Special purpose acquisition company Disruptive has run out of time, even with Patrick Mahomes on its team. Photo by Ezra Shaw/Getty Images
Disruptive Acquisition I, a special purpose acquisition company that named Kansas City Chiefs QB Patrick Mahomes among its advisors, has decided to close up shop and return its capital to shareholders, according to a filing with the Securities & Exchange commission Monday.
Disruptive, which held its IPO in March 2021, raising $250 million at $10 a share, came to market to find a consumer technology, health and wellness or entertainment business to take public. The company debuted with an “Athlete Advisory Council”—which, along with Mahomes, featured tennis star Naomi Osaka, Polish soccer great Robert Lewandowski, Houston Astros hurler Justin Verlander and boxer Carlos Alvarez Barragan—to help it identify candidates, leverage relationships with brands and help engage consumers.

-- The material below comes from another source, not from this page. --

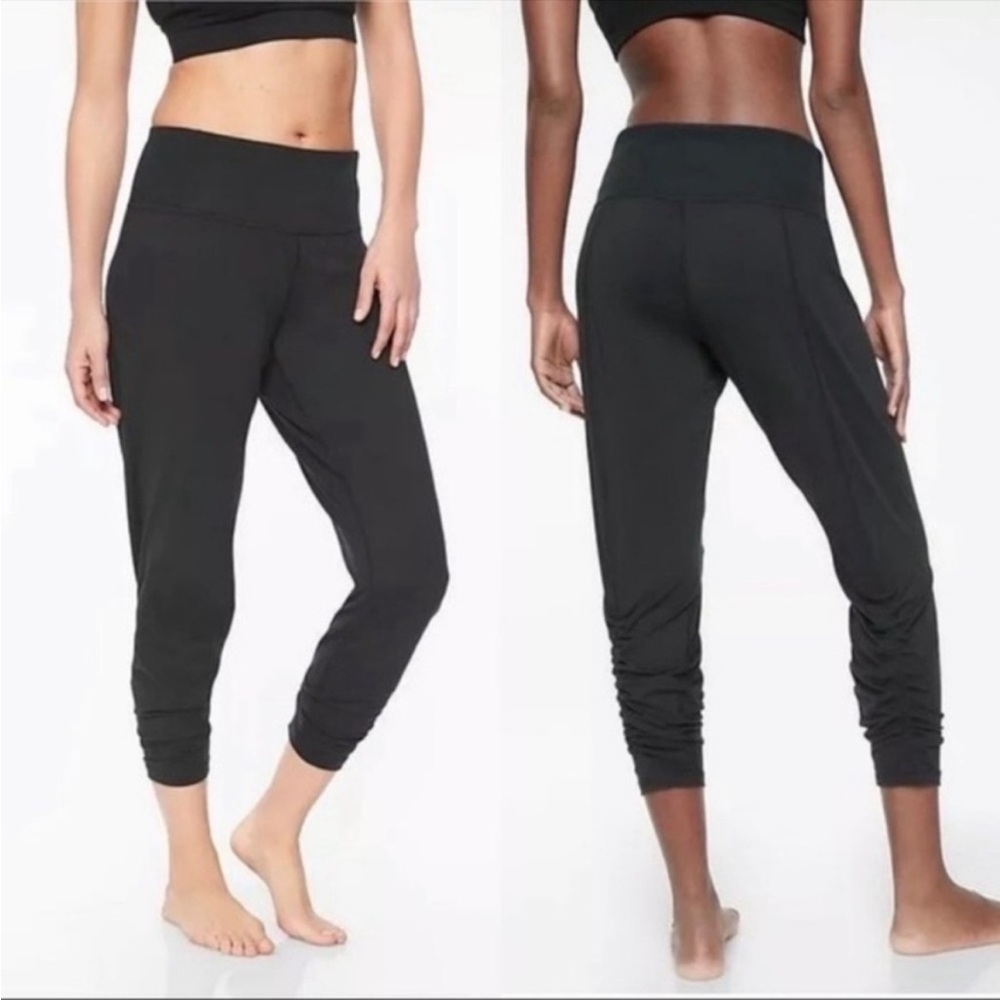 Athleta Bare Cinch Athleisure Yoga Pants in Black Size M Tall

On Monday, the board of directors of Disruptive, “considering that the company will not consummate an initial business combination within the time period required … decided to dissolve and liquidate,” the filing said.
SPACs, also known as blank check companies, exploded in popularity following the going-public deal by DraftKings in 2020, and peaked in 2021 as hundreds of SPACs held IPOs—also when Disruptive held its IPO. Sports figures played an outsized part in the SPAC craze, with athletes seen as conduits to find the next hot company, especially in fitness, consumer culture and sports betting. The bubble burst in 2022 due to a combination of regulator pushback to SPAC promoter excesses, the poor post-merger performance of many deals and the simple fact that too many SPACs came to market.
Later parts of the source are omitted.